You may not think you know many people that own a Peugeot Boxer - but you also stand to be surprised, as it is used as a donor platform for everything from horseboxes to ambulances to motorhomes and therefore far more prevalent on our roads than you may imagine.
The Boxer is relatively lightweight for a large van, which means that converters love it for its flexibility when it comes to putting a body on the back and lots of equipment inside. The same can be said for the Citroen Relay and the Fiat Ducato, both of which share the same platform, but the contrast is that when it comes to a plain old panel van, the Peugeot has historically been conspicuous in its absence on our roads.
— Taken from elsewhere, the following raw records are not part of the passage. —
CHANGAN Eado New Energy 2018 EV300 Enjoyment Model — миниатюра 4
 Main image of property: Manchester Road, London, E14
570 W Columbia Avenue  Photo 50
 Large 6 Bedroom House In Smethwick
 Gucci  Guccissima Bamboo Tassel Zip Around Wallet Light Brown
If you’re after an automatic gearbox you’ll be disappointed, as the Boxer has no two-pedal options in its range. If the six-speed manual won’t do you, rivals including the Ford Transit, Mercedes-Benz Sprinter and Volkswagen Crafter are all available with an automatic option.
The Boxer does, however, provide you with plenty of body size options, with four lengths and three heights available. There’s also the chassis cab option which is so popular with bodybuilders as well as double-cab, and minibus versions. Need a converted van in a hurry? Peugeot has a dedicated range of off the shelf Boxer vans available with tipper, dropside, Luton van, curtain-sided van or a low-floor Luton.
You can transport anything from 8m3 to 17m3 if you need to fill up your Boxer van, or as much as 1575kg in the best performing 3.5-tonne van.
If you’re looking to find out how to identify this new Boxer from the previous versions then you’ll have to have your wits about you. Almost nothing has changed since a significant redesign of the grille for the Euro-6 update. This time around there’s the option of LED daytime running lights within the headlight unit – something reserved for the most expensive Boxer vans – and a slightly more rounded bumper. It’s minor stuff, none of which is likely to sway your buying choice.